A dip in the yen toward the 100 level to the dollar was also supportive.
A weaker yen inflates Tokyo futures prices relative to dollar-based prices in producing countries and often encourages speculative buying.
“The TOCOM market simply followed higher equity prices and a fall in the yen,” said Toshitaka Tazawa, an analyst at commodity brokerage Fujitomi Co.
“But the demand side looks gloomy,” he said, adding that further fall in the commodity’s demand is possible if a big earthquake and the spread of a bird flu in China undermine the world’s second-biggest economy.
The newly listed benchmark Tokyo Commodity Exchange rubber contract for October delivery settled at 258.3 yen ($2.6) per kg, up 4.6 yen or 1.8 percent from its opening at 253.7 yen.
The previous benchmark September contract closed up 7.5 yen at 256.7 yen. The September contract hit a five-month low of 242.6 yen on April 18 as weak gross domestic product data from China, the world’s biggest rubber user, fuelled demand concerns.
Trade was somewhat limited ahead of Japan’s Golden Week holiday season starting next week. The TOCOM market is closed on April 29, May 3 and May 6.
The most-active rubber contract on the Shanghai futures exchange for September delivery rose 395 yuan to 18,965 yuan ($3,100) per tonne, helped by a rally in Chinese equity prices.

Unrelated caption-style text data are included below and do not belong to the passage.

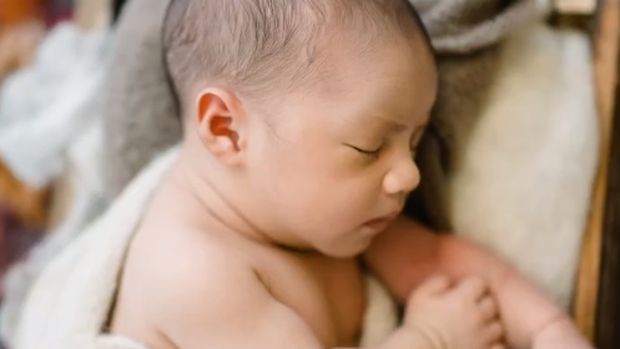 Potret Bayi Laki-Laki Artis Photoshoot Newborn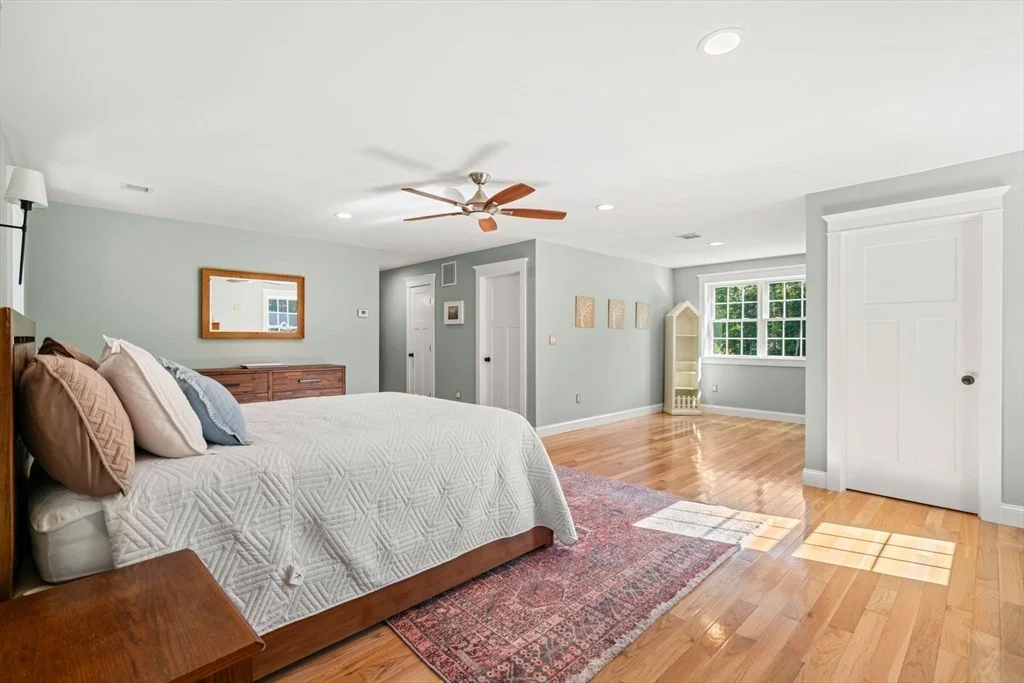 Photo of 431 River St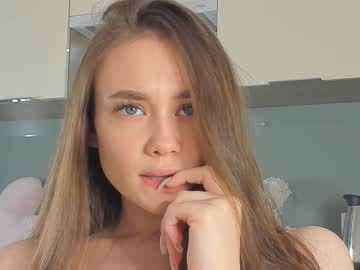 webcam girl miaaperry today image #3805379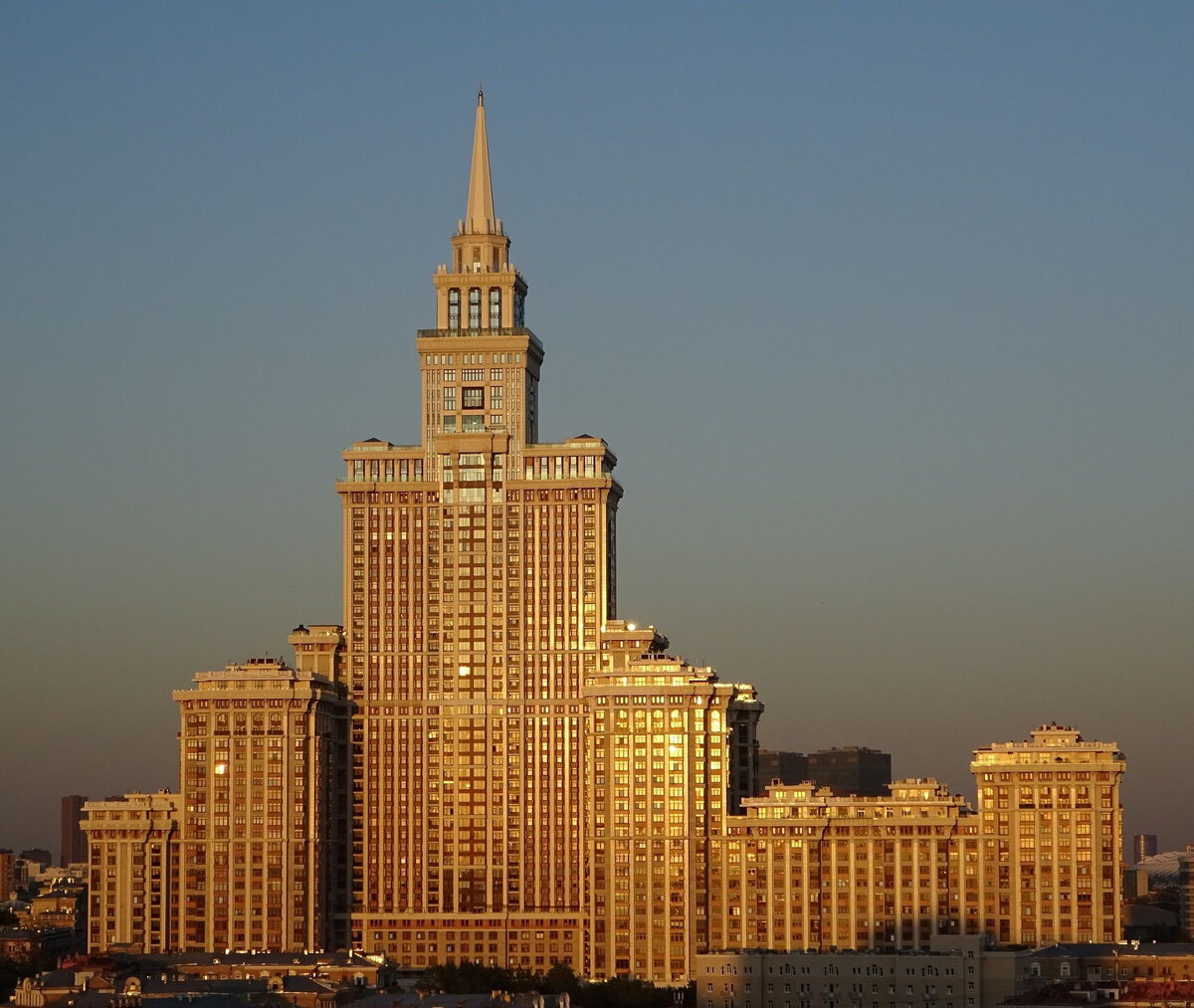 Жилой небоскрёб в Хорошёвском районе Москвы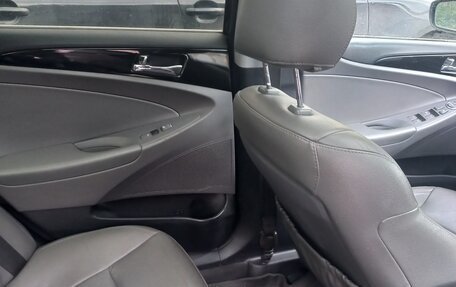 Hyundai Sonata VI, 2012 год, 1 450 000 рублей, 12 фотография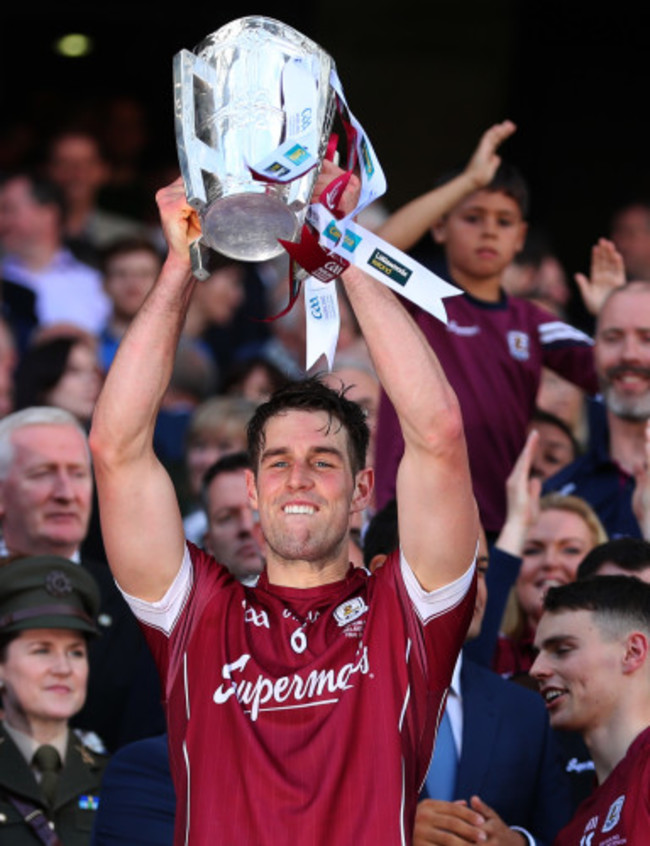 Gearoid McInerney lifts the Liam McCarthy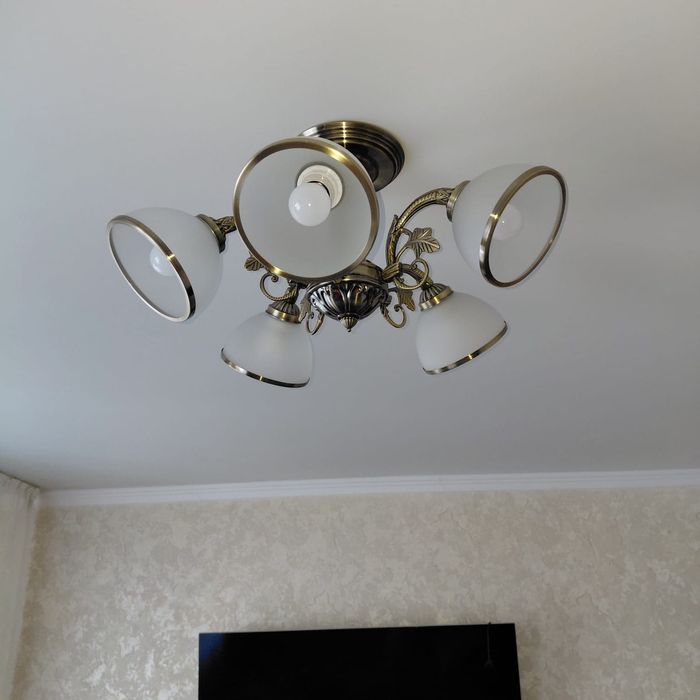 Продам люстры  в хорошем качестве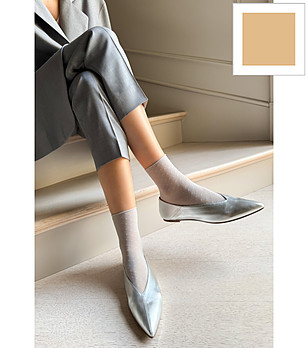 Чорапи в телесен цвят с геометричен десен SOFIA снимка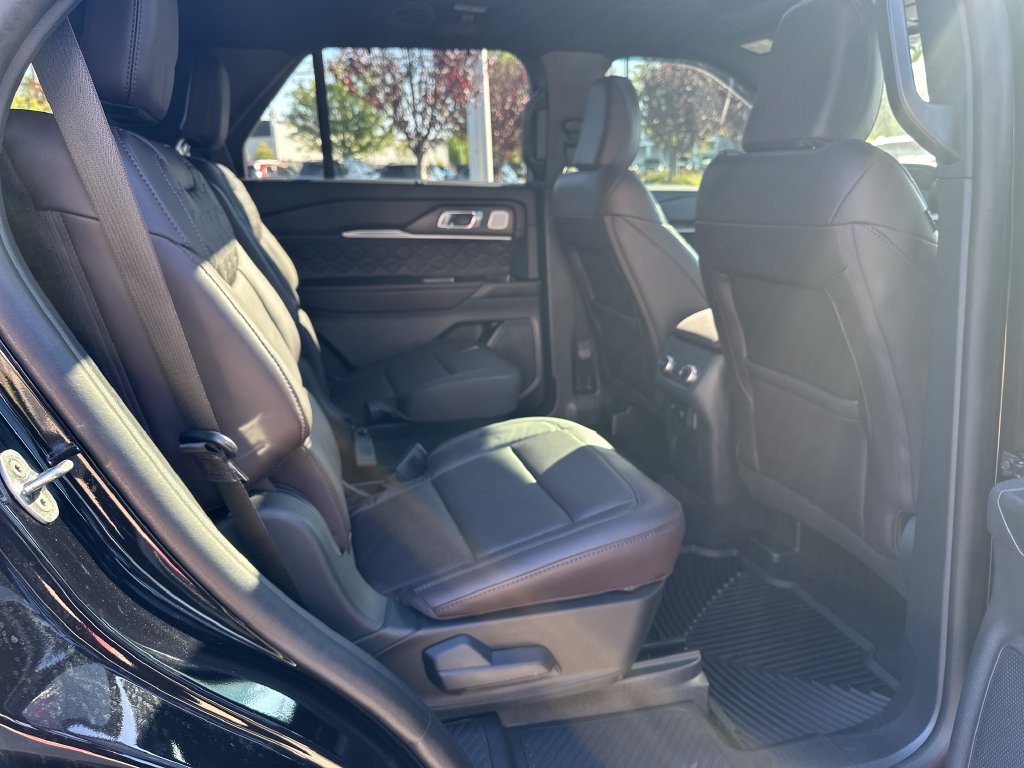 Used 2025 Ford Explorer Platinum w/ Ultimate Package AWD/4WD image 17
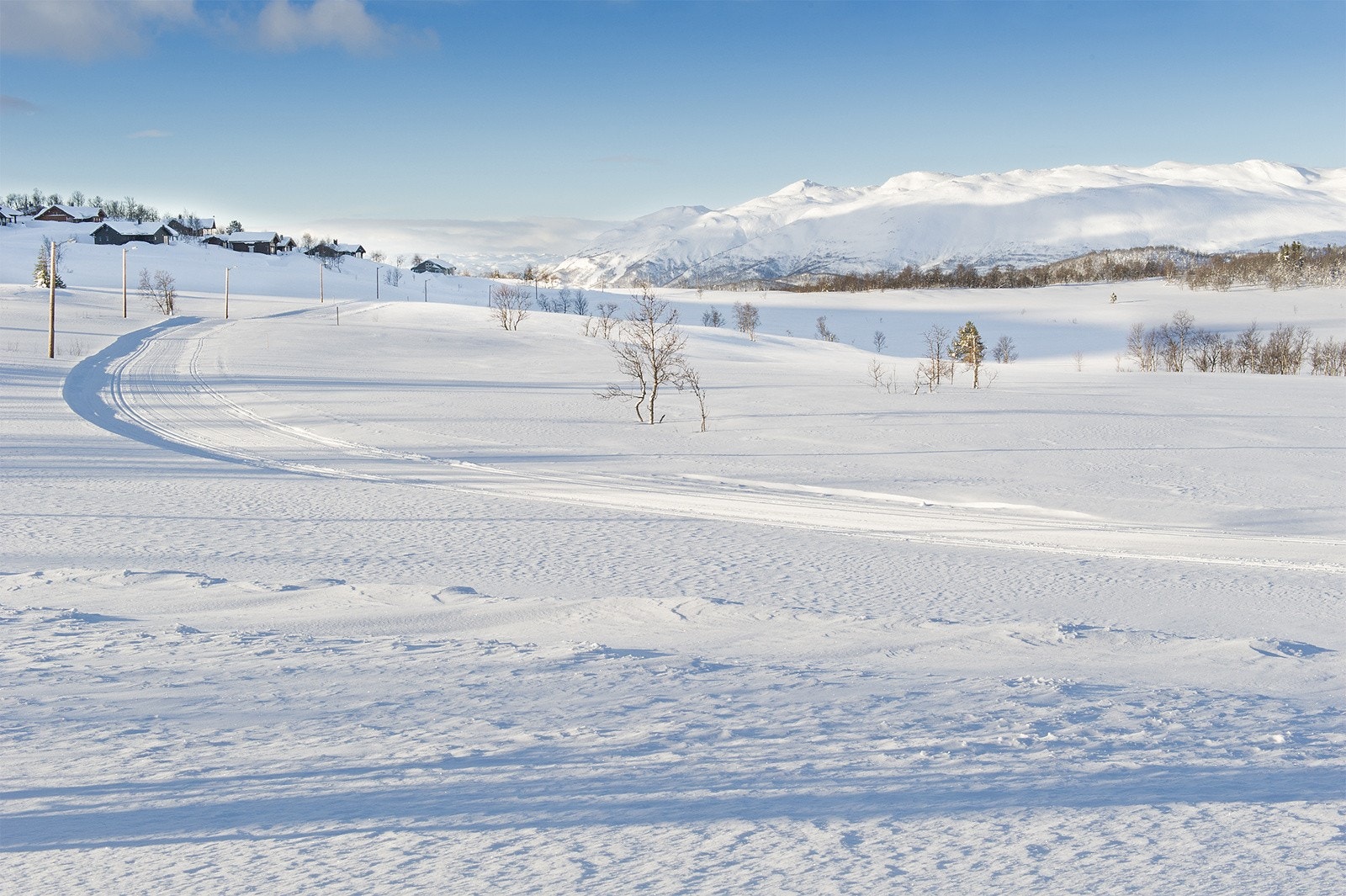 Ski inn/ut til preparerte langrennsløyper som regnes for å være et av Norges beste løypenett. Galleribilde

The contract touched a 3-1/2 year low of 18,210 yuan on Tuesday after data showing growth in China’s vast factory sector dipped in April, suggesting the Chinese economy still faces formidable global headwinds into the second quarter.
The front-month rubber contract on Singapore’s SICOM exchange for May delivery last traded at 240.50 U.S. cents per kg, up 2 cents.